CHARLOTTESVILLE, Va. – There was a time at the University of Virginia when the football team didn’t really matter. Of course, the fans would hoot and holler every time the Cavaliers came away losers. But Virginia still packed Scott Stadium.

Fans came for an all-day party and a football game broke out. They’d bring wine, cheese and a vegetable platter, and then soak in the Charlottesville sun. It didn’t matter that the Cavaliers went a combined 11-13 in 2000 and 2001 – almost exactly Syracuse’s record its past two seasons.

Saturday, Scott Stadium was brimming with more PANTONE 1655 orange than at any Carrier Dome function. The local football team, significantly better than two seasons ago, may have had something to do with that. But not much. Fans came for the atmosphere, to imbibe and indulge, to promenade around a stadium that looked more like The Coliseum than a football playpen. Syracuse doesn’t have that.

Virginia packed 59,000 fans into Scott Stadium against Syracuse, and thousands, who were without seats, poured onto the grass beyond the north end zone. Grass? Syracuse can’t even get fans to fill the bleachers.

Syracuse has its football. Fans come, go, then rant. There are some new traditions (the Orange Grove) and some old ones (the band playing on the steps of Hendricks Chapel), but they don’t match Virginia. Granted, a bust of Thomas Jefferson is supplanted on almost every academic building in Charlottesville. It has history. But so does Syracuse.



Want to fix dwindling attendance despite a struggling team? Make the game fun. Make the atmosphere enjoyable. If a Saturday afternoon in Syracuse becomes more about the experience than the outcome, the Carrier Dome will draw fans.

Saturdays in Charlottesville start hours before any kickoff, with young co-eds lining the streets. As is tradition at many southern schools, the gentlemen wear shirts and ties and the ladies wear sundresses and pearl necklaces. They come to be seen, to eat and drink and flirt.

Inside the stadium they are energized by a swashbuckling cavalier on horseback. The fans sway to the fight song after every U.Va. touchdown. They tend to stay for four quarters, not two, not three, not whenever Syracuse is losing by double-digits. And the pageantry extends to after the game, when the lads and lasses take to the streets, their shoulders burnt from three hours in the hot sun, to celebrate the victory.
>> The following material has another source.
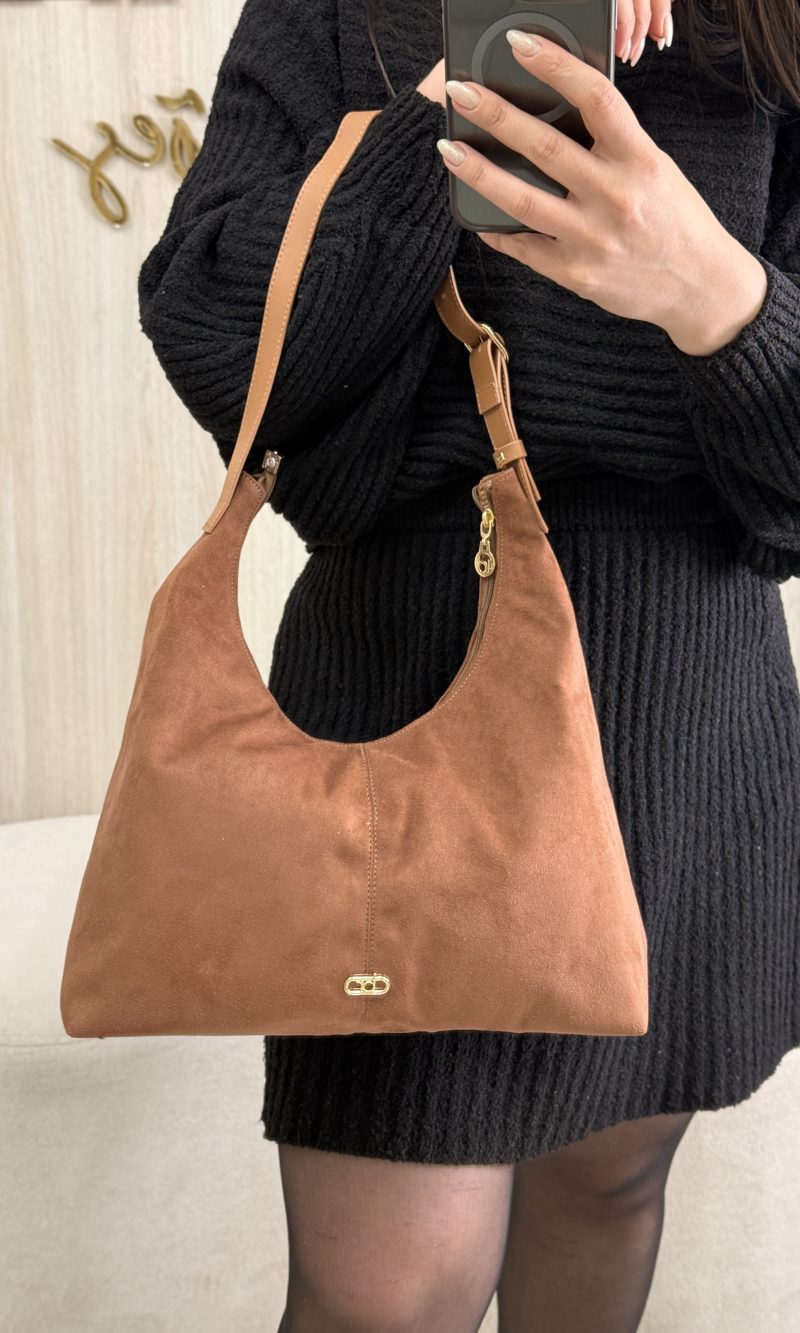 bolsa hobo beira rio camurça marrom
And they do this every game, not just the big ones against ranked opponents. Saturday, Virginia sold out against a 27-point underdog. SU will be lucky to fill the Dome against No. 9 Florida State in two weeks.

If Syracuse wants to attract more fans, give them a reason to come. The fans in Syracuse desperately want a winning team. Devoid of that, give them the next best thing: a wild party.